Great book for movie lovers or those interested in finding new meaning in cinema. His style and structure made for a quick read, and he covered all genres of movies - citing examples from the last 100 years. This book is a great addition to what Josh discusses on "Filmspotting" (podcast).
I've enjoyed watching films my entire life. I've also been a Christian my entire life. I've never considered weaving the two together as a way to enrich the experiences that both offer. Larsen does just that without being too preachy. Even if you don't consider yourself to be religious this book offers what all great books do...a chance to consider something from a different perspective.

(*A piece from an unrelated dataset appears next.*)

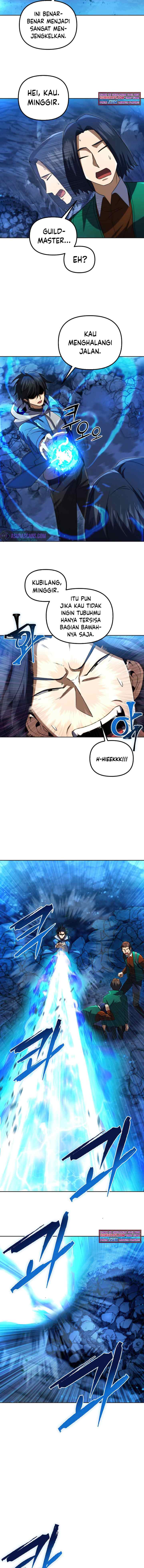 Maxed Out Leveling chapter 31 halaman 8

Hard to believe, but Josh Larsen dissects his faith and how he prays through this amazing book about where art and expressions to God meet. I recommend this book to anyone who loves film and would like a guide to view films through a new lens. Also, for those who would like a better understanding of the conceits if different forms of prayer.
Larsen's book dives into different types of prayers and shows how they echo in an array of movies. I really enjoyed spending time reading about a lot of these films again and seeing the way Josh would bounce his ideas and spirituality off of each of them.
The discussions come in nice sized pieces, where you can jump in and peek at a movie or thought for a few minutes, or you can sit down for an hour and read several. Each chapter gives a few examples from several different genres of film too, so the book moves nicely. Josh has also done the heavy lifting on a lot of the religious text so you don't have to. My college required a few religion classes as part of the core requirements, and while I enjoyed the in class discussions I always struggled to keep up with the reading. This book really operates as a free flowing conversation and without ever slowing down, it expertly weaves in some really good thoughts from all sorts of notable texts.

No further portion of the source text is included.